22/12/2010

às vésperas do natal

Pe. Alfredo J. Gonçalves, CS
“O que fostes ver no deserto,
um caniço agitado pelo vento?” (Lc 724b)
A metáfora do “caniço agitado pelo vento” se presta como uma luva para os dias que correm. De fato, um simples olhar às ruas, praças e corredores dos shoppings centers é suficiente notar como parecemos “caniços” agitados pelos ventos do marketing, da propaganda e da publicidade.

Um exemplo apenas um: lançado novo produto, shampoo dois em um, que “acaba com a caspa e, ao mesmo tempo, hidrata os cabelos”. Apelo comercial: “você não pode viver sem ele!”. A insistência no apelo e a obsessão em apregoar as qualidades do produto revelam exatamente o contrário: você pode, sim, viver sem ele! A ânsia mercadológica mascara a mensagem, fala pelas entrelinhas, nega-se a si mesma. A propaganda estridente sinaliza para o vazio e a inutilidade do objeto. Por outro lado, o apelo dirige-se ao desejo de posse daquilo que está exposto na vitrine, envernizado por luzes e enfeites. Desejável, porque simultaneamente próximo e distante. Mas o desejo de posse se desfaz no exato momento da compra. Esta, ao tornar seu o que parecia um sonho impossível, dilui automaticamente o desejo. A magia derrete-se com a própria aquisição. Mas faz nascer outros impulsos ou paixões, e assim por diante...
O mercado nutre-se dessa fome e dessa sede insaciáveis de comprar, ter, exibir, aparentar, inovar, competir. Fome e sede de novidades que, constantemente, morrem com a posse e renasce com novos desejos frente a produtos inéditos, ou simplesmente reciclados. Basta uma mudança no rótulo, na cor, no formato, nos ingredientes ou na embalagem, para que o velho se torne novo. Instala-se o círculo fechado e vicioso do “produzir e consumir”, no ritmo da matemática, tão veloz e alucinado que não deixa lugar nem tempo à reflexão. O anseio da compra substitui a pergunta pela necessidade. Com razão, Marx referia-se ao “fetiche da mercadoria”.

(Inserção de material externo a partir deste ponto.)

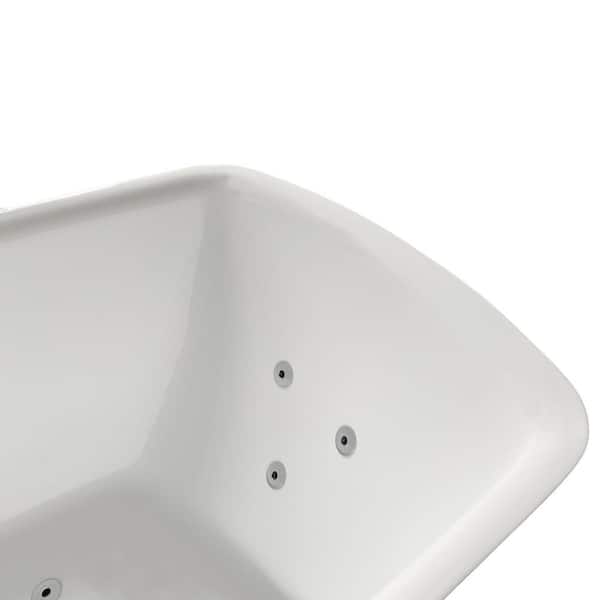Bianca 68 in. Acrylic Flatbottom Whirlpool Bathtub in White Bianca 68 in. Acrylic Flatbottom Whirlpool Bathtub in White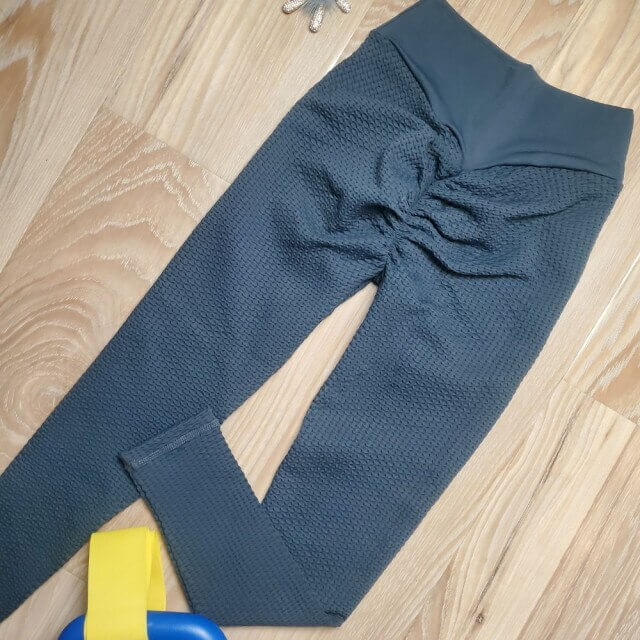 Miniature : Leggings anticeluliticos levanta nalgas, leggings push up sin costuras verde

Numa outra metáfora, a cidade às vésperas dos festejos natalinos, mais parece um imenso espetáculo de marionetes controlado pela gigantesca “mão invisível” do sistema capitalista, para usar a expressão de Adam Smith. Nesse palco de milhões de atores/consumidores embriagados, a poderosa mão transforma seus dedos em tentáculos que chegam aos quatro cantos do planeta, ou às mais íntimas dimensões do ser humano, tais como as relações de afeto, de família, de amizade... Penetra até no sacrário do que existe de mais sagrado.
A cidade vira um formigueiro humano, para terminar com uma terceira metáfora. Torrentes de pessoas se movem nos centros comerciais, num vaivém permanente, deslocamento centrípeto e centrífugo, onde não faltam gritos, promoções, cifrões, pechinchas, pacotes, empurrões... Mas, em meio a tudo isso, a alegria inebriante de diluir-se nessa multidão viva e ansiosa por novidades. Evidente que o cidadão tem o direito de adquirir aquilo para o que tanto trabalhou e com o que tanto sonhou. O conforto não pode ser privilégio de poucos. Graças a Deus, muitos brasileiros hoje podem ter acesso a produtos que antes estavam longe de seu bolso. Mas fica o alerta contra a embriaguez que nos torna “caniços, marionetes”, uma espécie de seres com opinião invertebrada, que o poder do marketing facilmente manipula e explora. Vale, pois, a advertência de Jesus narrada pelo evangelista Lucas. “O que fostes ver no deserto?”